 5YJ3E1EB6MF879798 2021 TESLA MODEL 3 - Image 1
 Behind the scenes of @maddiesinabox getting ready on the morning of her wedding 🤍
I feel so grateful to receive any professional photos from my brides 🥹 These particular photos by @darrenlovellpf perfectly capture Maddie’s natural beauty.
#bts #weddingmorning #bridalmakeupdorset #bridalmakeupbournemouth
**********
* [ASSIGNMENT]: Give the listing again. Leave every word as it stands.

* [THE COMPLETED TASK]:
 5YJ3E1EB6MF879798 2021 TESLA MODEL 3 - Image 1
 Behind the scenes of @maddiesinabox getting ready on the morning of her wedding 🤍
I feel so grateful to receive any professional photos from my brides 🥹 These particular photos by @darrenlovellpf perfectly capture Maddie’s natural beauty.
#bts #weddingmorning #bridalmakeupdorset #bridalmakeupbournemouth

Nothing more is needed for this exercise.